Professor Bernard Perlmutter
Professor Bernard Perlmutter

Under Florida law, all children who have been abused, abandoned, or neglected may be declared dependent on the court. Immigrant children who are dependent qualify for special immigrant juvenile status. Florida law recognizes that obtaining lawful immigration status is a key component of helping abused, abandoned, or neglected children achieve stability in their lives.

Miami-Dade County judges, in particular, have seen a spike in the numbers of dependency petitions from abused, abandoned, or neglected immigrant children seeking U.S. residency status. According to Perlmutter, in recent years, the courts have unlawfully denied hundreds of such requests.
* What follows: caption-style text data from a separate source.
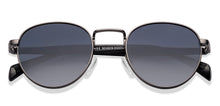 Load image into Gallery viewer, Gunmetal Round Full Rim Unisex Sunglasses by Vincent Chase Polarized-229023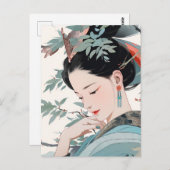 Anmut chinesischer Frauen Postkarte (Vorne/Hinten)
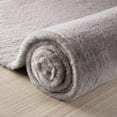 thumbnail image 3 of Latepis 8x10 Area Rug Faux Rabbit Fur Rug for Living Room Fluffy Washable Faux Faux Fur Rug for Bedroom Nursery Large Furry Rug Grey Rectangle, 3 of 9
Professor Rebecca Sharpless
Professor Rebecca Sharpless

"I welcome the opinion," Perlmutter, director of Miami Law's Children & Youth Law Clinic, said in an interview with the Daily Business Review. "I think the law should apply equally whether this is an immigrant child or a U.S. citizen child, and we have a very strong statutory basis for these cases to go forward and not to be dismissed before facts can be presented."

Sharpless, director of Miami Law’s Immigration Clinic added, “This opinion sends a strong message to judges to apply the law as written and to not succumb to the anti-immigrant politics of the day.”